Start of Data
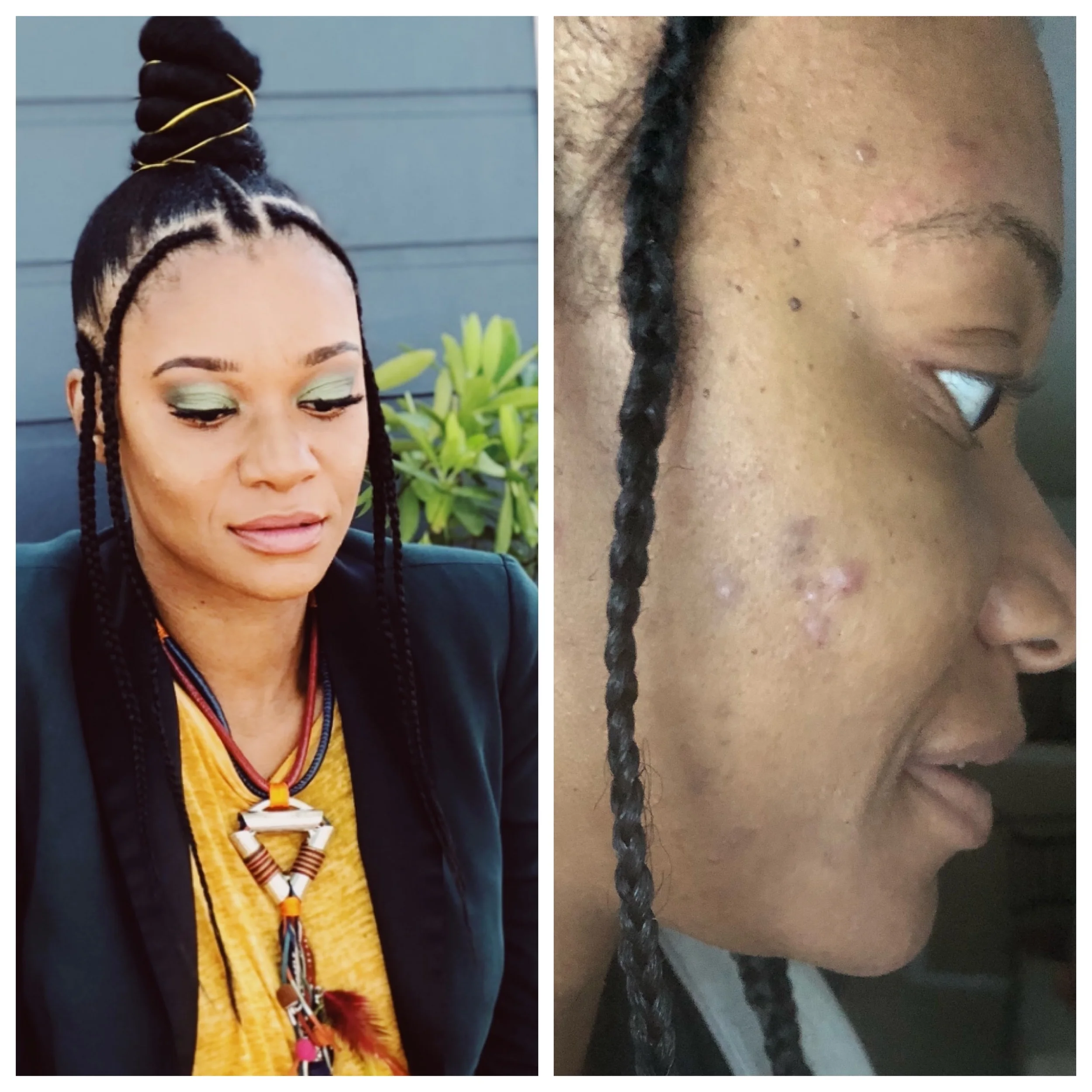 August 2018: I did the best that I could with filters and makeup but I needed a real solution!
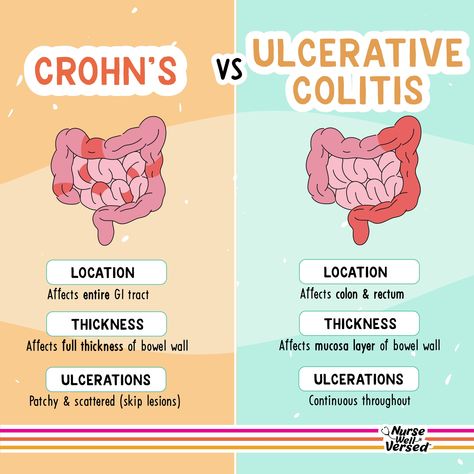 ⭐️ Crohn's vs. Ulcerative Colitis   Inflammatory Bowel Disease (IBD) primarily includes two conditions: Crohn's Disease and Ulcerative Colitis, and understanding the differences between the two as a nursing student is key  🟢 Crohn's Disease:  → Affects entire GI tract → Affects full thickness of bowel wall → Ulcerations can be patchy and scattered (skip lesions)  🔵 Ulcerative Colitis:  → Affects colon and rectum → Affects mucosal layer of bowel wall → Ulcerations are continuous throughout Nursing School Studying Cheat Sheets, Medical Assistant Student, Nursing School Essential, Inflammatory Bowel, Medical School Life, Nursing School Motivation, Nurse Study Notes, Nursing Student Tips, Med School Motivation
End of Data
Start of Data
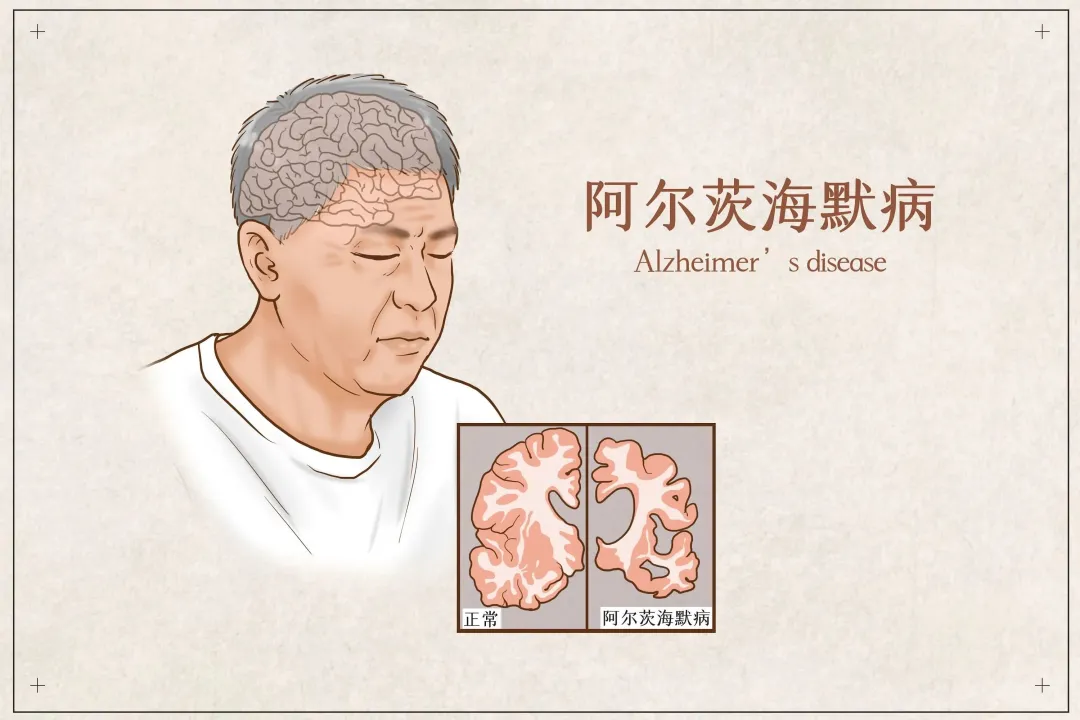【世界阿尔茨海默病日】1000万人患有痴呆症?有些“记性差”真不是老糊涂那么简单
End of Data
Start of Data
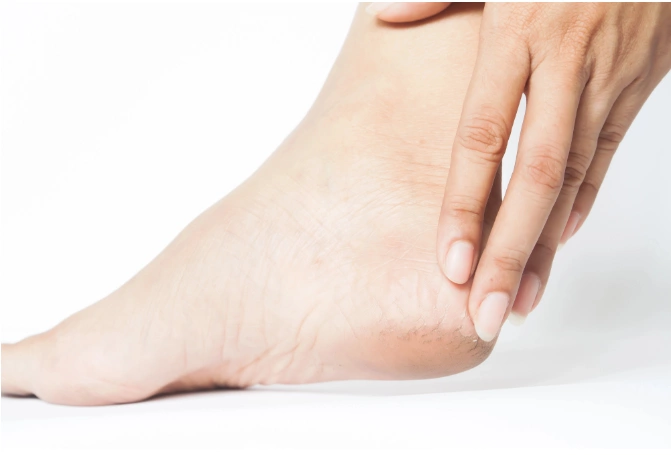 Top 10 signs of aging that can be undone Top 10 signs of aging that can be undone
End of Data
Your task: Take the lines above starting at the one containing "August 2018: I" and ending at the one containing "Med School Motivation", and print them again exactly, without pictures.

Problem solution:
 August 2018: I did the best that I could with filters and makeup but I needed a real solution!
 ⭐️ Crohn's vs. Ulcerative Colitis   Inflammatory Bowel Disease (IBD) primarily includes two conditions: Crohn's Disease and Ulcerative Colitis, and understanding the differences between the two as a nursing student is key  🟢 Crohn's Disease:  → Affects entire GI tract → Affects full thickness of bowel wall → Ulcerations can be patchy and scattered (skip lesions)  🔵 Ulcerative Colitis:  → Affects colon and rectum → Affects mucosal layer of bowel wall → Ulcerations are continuous throughout Nursing School Studying Cheat Sheets, Medical Assistant Student, Nursing School Essential, Inflammatory Bowel, Medical School Life, Nursing School Motivation, Nurse Study Notes, Nursing Student Tips, Med School Motivation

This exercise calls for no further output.